The facts in the instant matter where that the respondent No.2 had executed an oral gift in respect of various parcels of land in favour of the writ petitioner, regarding which ten separate mutations were attested.
Subsequently respondent No.2 challenged the aforesaid mutations by filing a petition before respondent No.1-Financial Commissioner, on the ground that these mutations are fictitious in nature. An enquiry into the matter was directed by respondent No.1 and Assistant Settlement
Officer, Kashmir, after holding the enquiry, submitted his report. Acting on the aforesaid report, the Financial Commissioner vide order dated 28thMarch, 2005, set aside all the ten mutations.

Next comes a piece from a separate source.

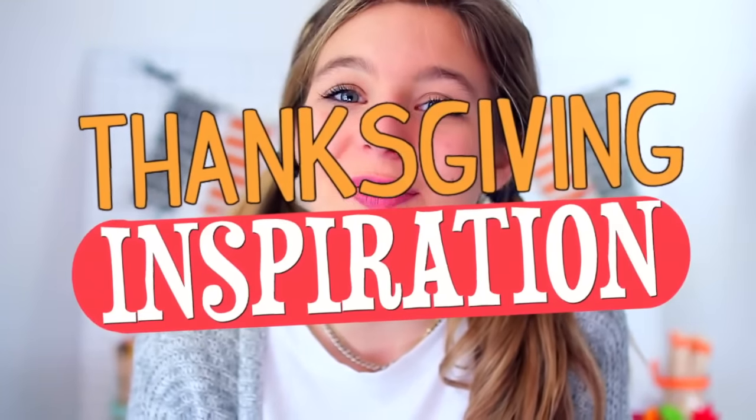Hey guys, it's Sophia, and today I'm so excited for this video because I'm doing a Thanksgiving inspiration video. I have not done a Thanksgiving video in like two years, and that was only an outfit video. This time it includes some DIY decor slash crafts, a DIY Thanksgiving treat, and also some Thanksgiving outfit ideas. I'm so excited to show you this because in the past I've just gone straight to Christmas videos after Halloween.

This order was challenged by the predecessor-in-interest of the appellant before the Writ Court.
The Writ Court vide its impugned judgment held that the Financial Commissioner has appreciated the matter in its correct perspective and as the mutations have been attested in derogation of the procedure prescribed under Standing Order 23-A, as such, the same are not sustainable. Accordingly, while upholding the order of the Financial Commissioner, the writ petition has been dismissed.
Dealing with the first contention of the appellants that first contention of the appellants that a civil suit between the parties relating to the land in question is pending before the civil court and, as such, it was not open to the Writ Court to record a finding the bench observed that mutation entries are only fiscal in nature and these do not confer any title in respect of the property to which they relate nor do these entries extinguish right of a party in respect of the said property.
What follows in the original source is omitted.